Descendant le cours du Gange, voici Rishikesh: ville sainte, où les ashrams s'alignent le long des berges. On y vient du monde entier pour trouver la plénitude spirituelle. Comme quatre garçons dans le vent, John, Paul, George et Ringo qui, dans les années 1960, avaient trouvé ici leur Maharishi. L'ashram Parmath, l'un des plus prospères, respire la sérénité. Dans ses cours ornées de fleurs kitsch, des cages grillagées exposent des sculptures peintes de couleurs criardes, illustrant des scènes édifiantes : un homme offre à Krishna ses dents en or, un autre porte ses vieux parents aveugles dans des paniers, au bout d'une palanche... Ici encore se mêlent des miséreux et des riches animés d'une même ferveur, des « astrologues védiques » et des enfants au crâne rasé habillés comme des poupées. Échoppes d'artisanat, gargotes enfumées, chants et prières... Au crépuscule, la foule se rassemble sur les ghats, face à une immense statue de Shiva : comme à Hardwar, les coupelles de fleurs surmontées d'une petite lumière sont emportées par le courant.
Au-dessus de Rishikesh, en prenant la route des contreforts de l'Himalaya, on accède aux anciens domaines du maharadja de Theri-Garhwal. Pour recevoir ses hôtes, ce puissant seigneur avait fait construire, en 1895, un fastueux palais où séjournèrent des invités comme lord Mountbatten (le dernier vice-roi de l'Inde) ou Indira Gandhi. Le majestueux édifice dominant toute la vallée, est doté d'un merveilleux pavillon de musique. Il est devenu l'un des hôtels les plus luxueux de l'Inde, célèbre surtout pour son spa : l'Ananda, dont le nom signifie en sanskrit « santé et contentement ».
Ici encore, on prend conscience de tous les paradoxes de ce pays où le luxe le plus extrême côtoie le dénuement total, comme le kitsch se mêle au sacré. Des contrastes qui font partie d'une culture, profondément enracinés malgré l'essor de la modernité.

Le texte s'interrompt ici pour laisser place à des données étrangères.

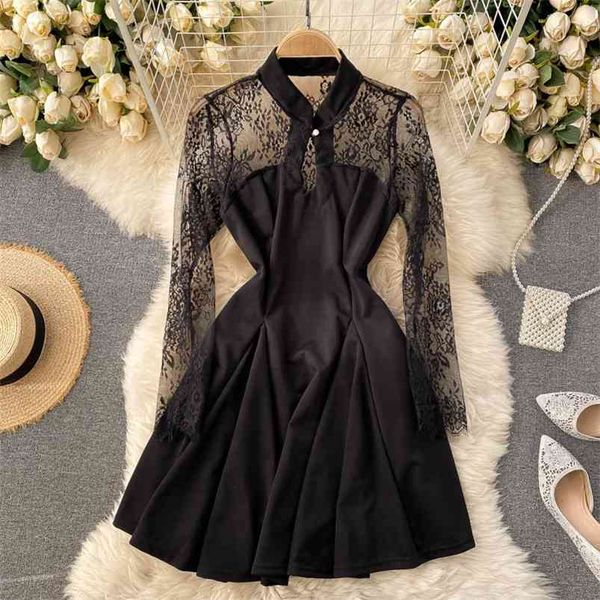 spring see-through lace stitching vestidos female retro improved version cheongsam stand collar slim mini dress c352 210507, Black;gray
spring see-through lace stitching vestidos female retro improved version cheongsam stand collar slim mini dress c352 210507, Black;gray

À l'Ananda, essayer la cuisine, élaborée sous le contrôle d'une nutritionniste, basée sur les principes ayurvédiques qui reconnaît six saveurs (sucré, salé, acide, amer, épicé, astringent) et les préceptes du spa. Selon le chef, Sumit Kumar, « Il doit toujours y avoir une philosophie dans la façon de composer une assiette. » Cuisine à base de riz brun et blé complet, poissons de rivière, légumes préparés au beurre clarifié, assaisonnés d'épices : cumin, gingembre et coriandre aident à la digestion, la cannelle digère les sucres, l'ail est excellent dans tous les cas. Pour rester mince, commencer un repas par un plat chaud (soupe, salade chaude) « entretient le feu intérieur et fournit l'énergie qui brûle les graisses ». Il fallait y penser !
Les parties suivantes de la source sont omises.